[Data items]
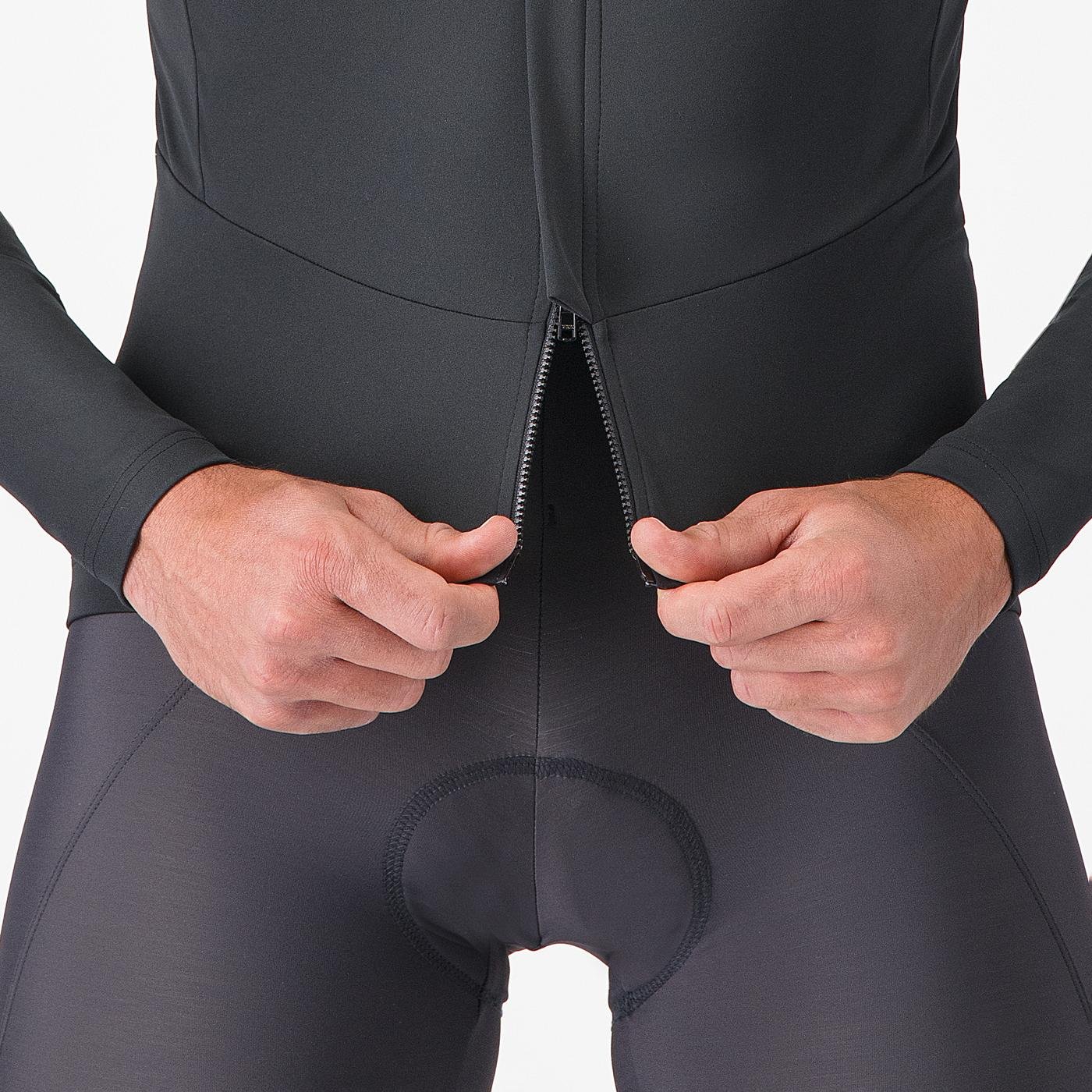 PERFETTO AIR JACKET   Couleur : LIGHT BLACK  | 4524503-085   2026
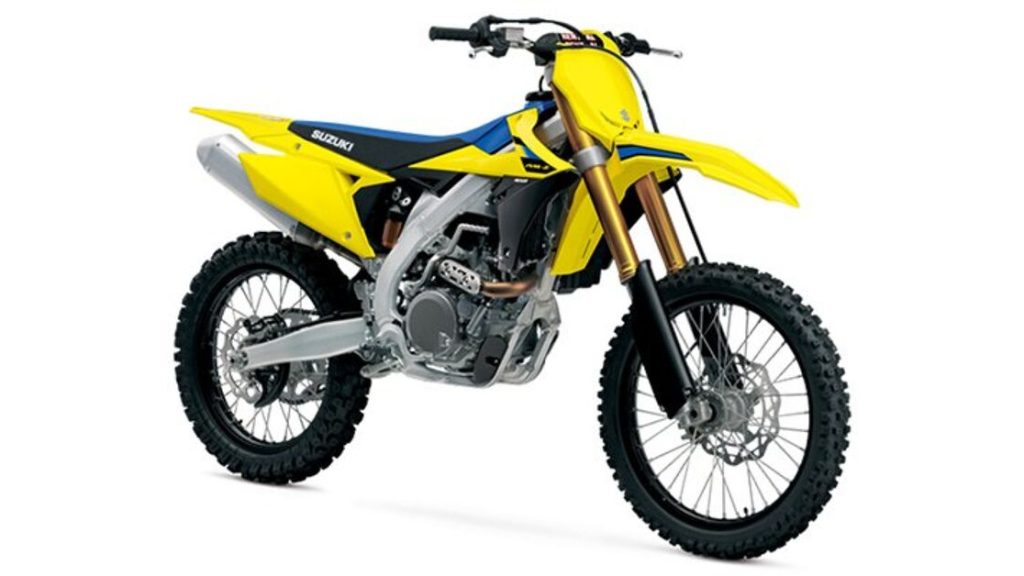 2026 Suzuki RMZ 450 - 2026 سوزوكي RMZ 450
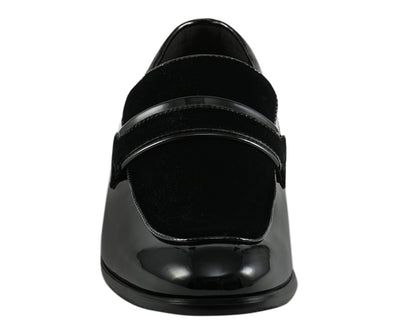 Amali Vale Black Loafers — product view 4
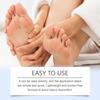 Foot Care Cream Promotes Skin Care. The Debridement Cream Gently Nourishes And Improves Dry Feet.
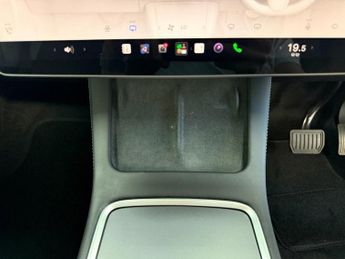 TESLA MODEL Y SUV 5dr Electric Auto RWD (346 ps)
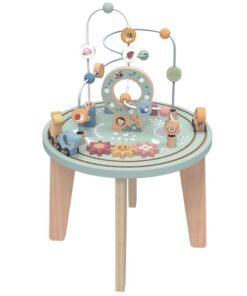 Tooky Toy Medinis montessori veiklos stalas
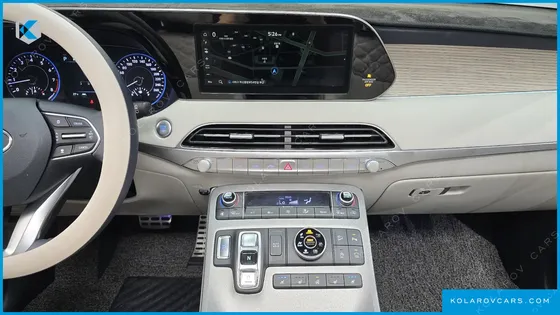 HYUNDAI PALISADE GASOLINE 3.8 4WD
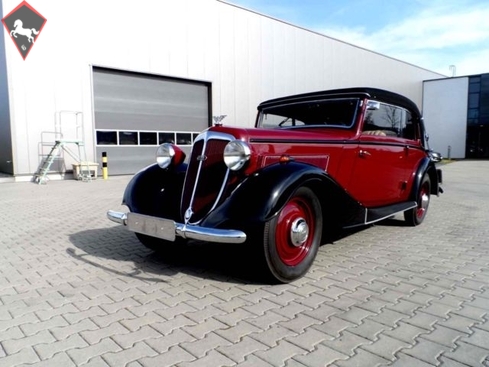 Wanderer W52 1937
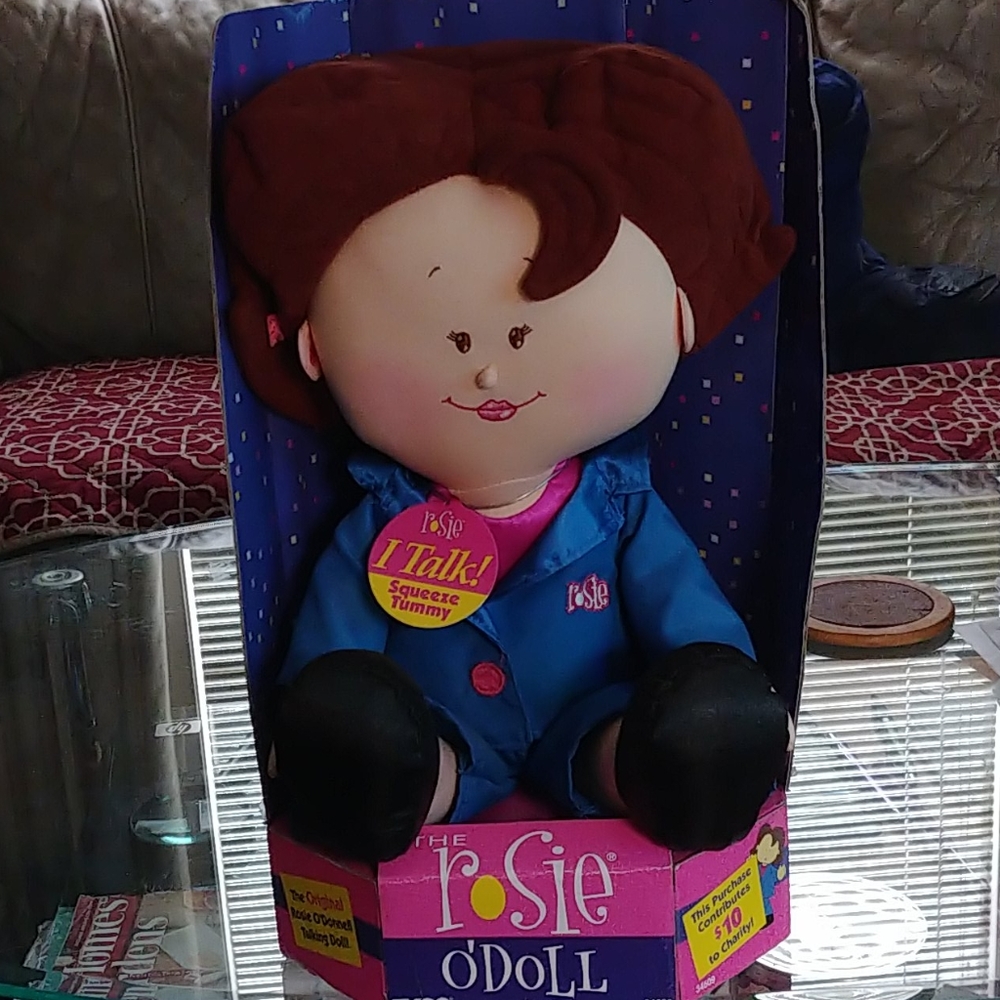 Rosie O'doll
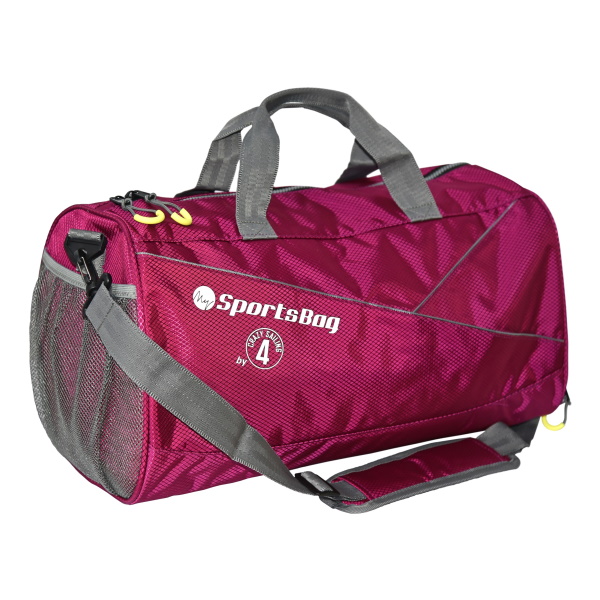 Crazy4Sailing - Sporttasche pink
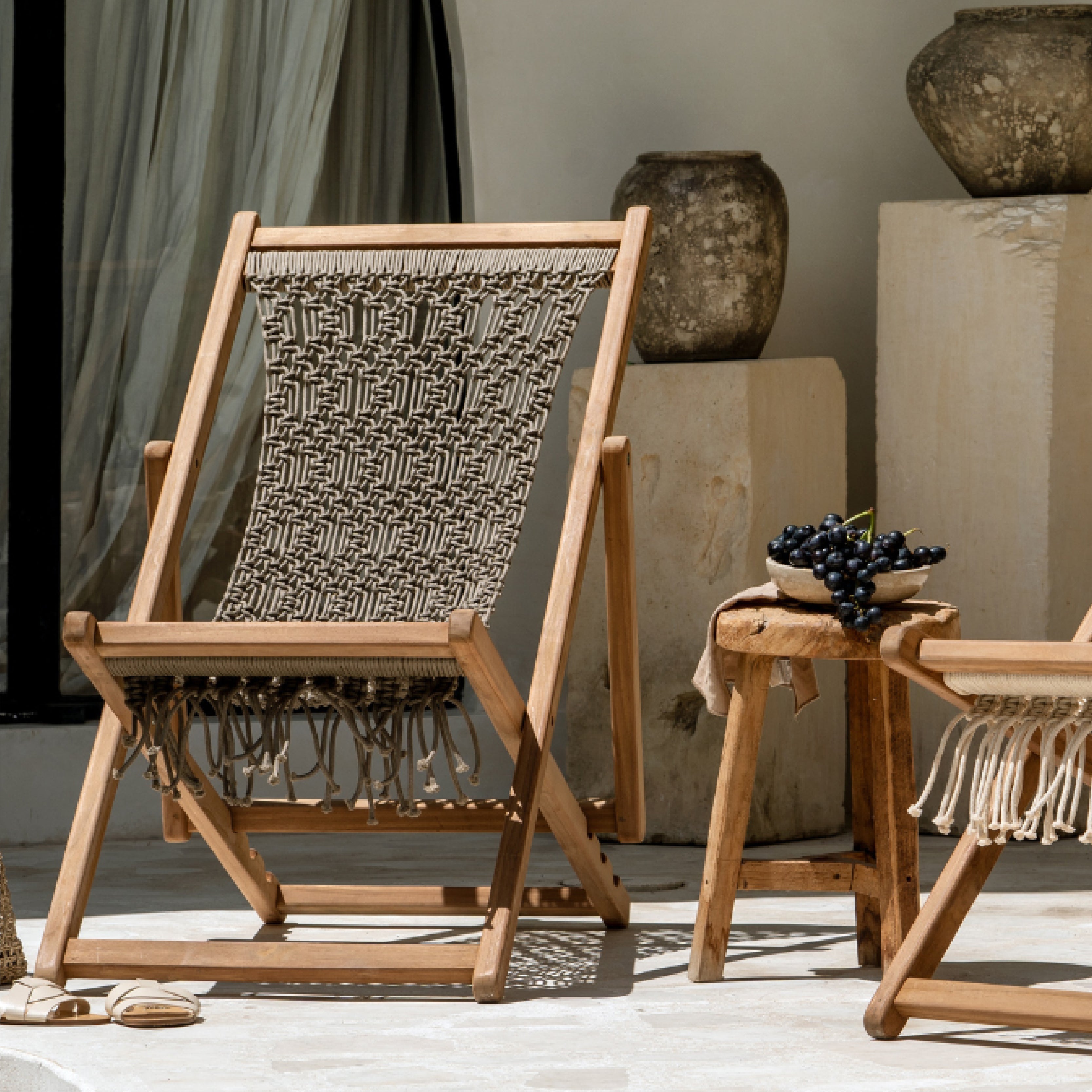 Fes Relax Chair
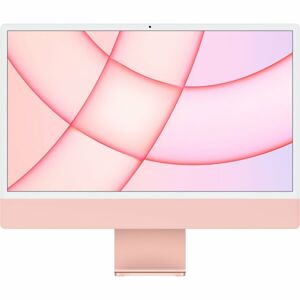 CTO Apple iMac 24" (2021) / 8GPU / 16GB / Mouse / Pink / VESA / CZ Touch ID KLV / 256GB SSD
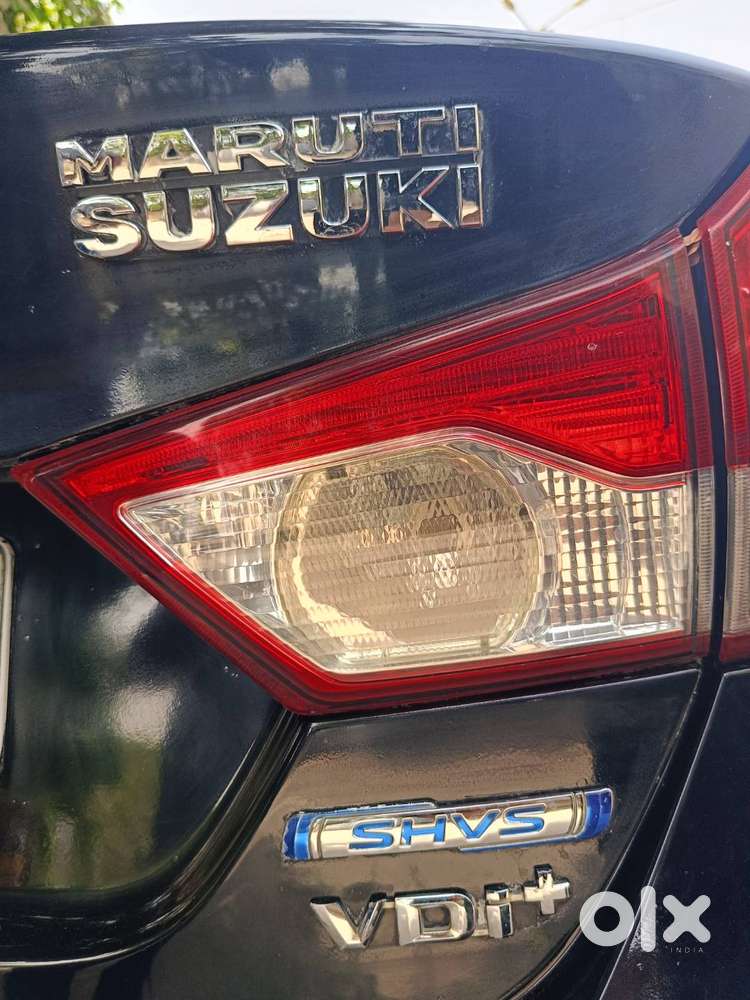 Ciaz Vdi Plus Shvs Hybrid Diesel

PROBLEM DESCRIPTION: An exact restatement is expected of the lines from the line containing "CTO Apple iMac" to the end of the data above, pictures excluded.

ANSWER SPACE:
 CTO Apple iMac 24" (2021) / 8GPU / 16GB / Mouse / Pink / VESA / CZ Touch ID KLV / 256GB SSD
 Ciaz Vdi Plus Shvs Hybrid Diesel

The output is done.